A publicitária Alessandra Ramalho D'Ávila Nunes, acusada de matar o marido, Renato Biasoto, a facadas na madrugada do dia 13 de junho, em um condomínio de luxo da Barra da Tijuca, Zona Oeste, se apresentou no início da tarde desta sexta-feira no 3º Tribunal do Juri da capital, no Centro do Rio.
Ela chegou e saiu do local acompanhada do advogado Mário de Oliveira Filho. De acordo com as primeiras informações, Alessandra tomou ciência do processo e foi liberada. Ela aguarda ser convocada para prestar esclarecimentos à Justiça.
Segundo o advogado, Alessandra esteve em São Paulo com o filho durante os dias em que ficou foragida, retornou ao Rio no início da semana e está hospedada na casa de amigos.
Habeas corpus
A expectativa era de que Alessandra só se apresentasse à Justiça na segunda, último dia do prazo concedido a ela, depois que foi beneficiada com um habeas corpus pelo Superior Tribunal de Justiça (STJ).
Alessandra estava foragida desde o dia do crime.

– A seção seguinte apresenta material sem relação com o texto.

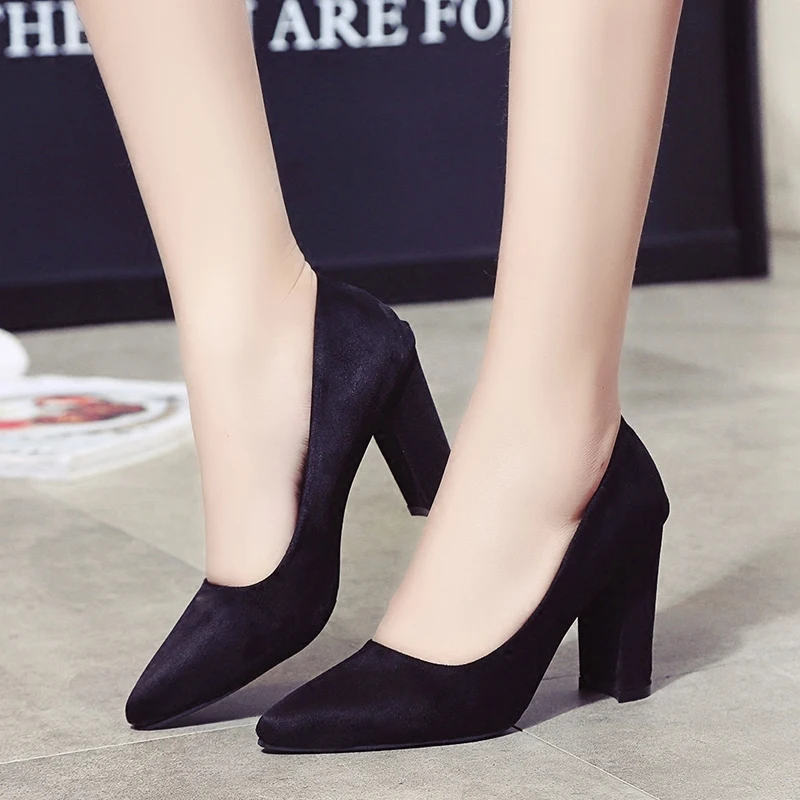 

Women Pumps Pointed Toe 2019 new shallow female shoes black ladies high heels thick single shoes zapatos de mujer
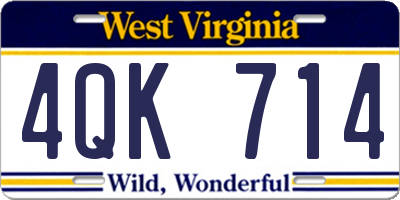 WV license plate 4QK714
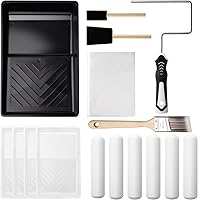 Mister Rui 6 Inch Foam Paint Roller Kit 16 Pack - High-Density Rollers, Tray Liners, Brush & Frame for Smooth DIY Wall Painting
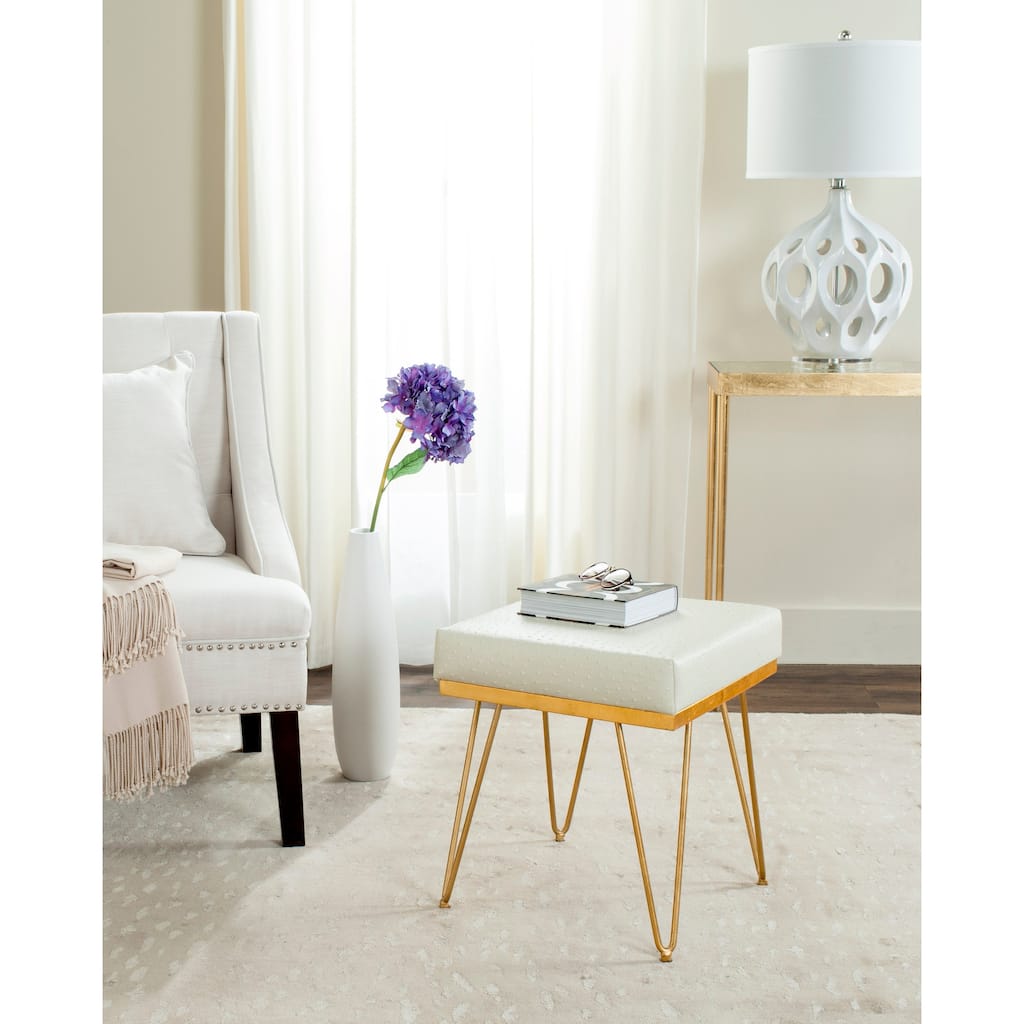 SAFAVIEH Wilke Mid-Century Square Bench - 16" x 16" x 17.8" - 16Wx16Dx18H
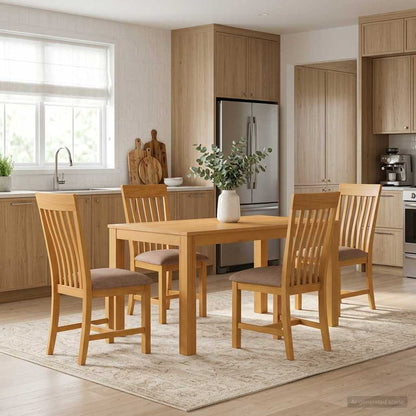 vidaXL Dining Set 5 pcs Grey Solid Oak Wood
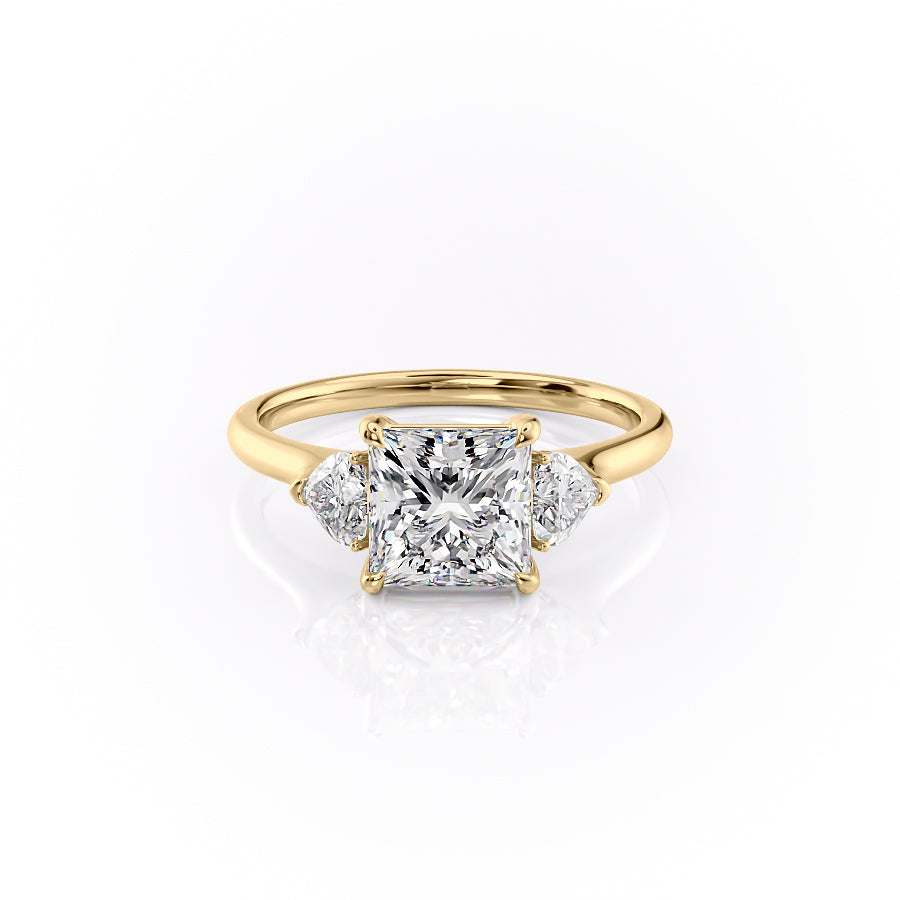 The Hearts Liv Set  With A 2.5 Carat Princess 18K Yellow Gold Moissanite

No dia 18 de junho, a prisão preventiva dela foi decretada pelo juiz Sidney Rosa, do 3º Tribunal do Júri da capital. A polícia temia que, como tem cidadania americana, a suspeita tentasse deixar o País. Na última terça-feira, Alessandra garantiu, com a decisão do STJ, o direito de não ter a prisão novamente decretada por um mês.
A defesa da publicitária alega que ela era vítima de agressões praticadas pelo marido e agiu em legítima defesa. Uma das provas a serem apresentadas a seu favor é o resultado de uma perícia realizada por um perito particular, que comprovaria as agressões cometidas por Biasoto. Segundo Oliveira Filho, o casal tinha "um histórico de vida de ciúmes e agressões".
Como ela já se apresentou à Justiça, o processo agora seguirá com o depoimento das testemunhas. Oliveira Filho, que pode indicar até oito pessoas para depor a favor de Alessandra, afirmou que há "mais de 30 pessoas querendo falar em favor dela".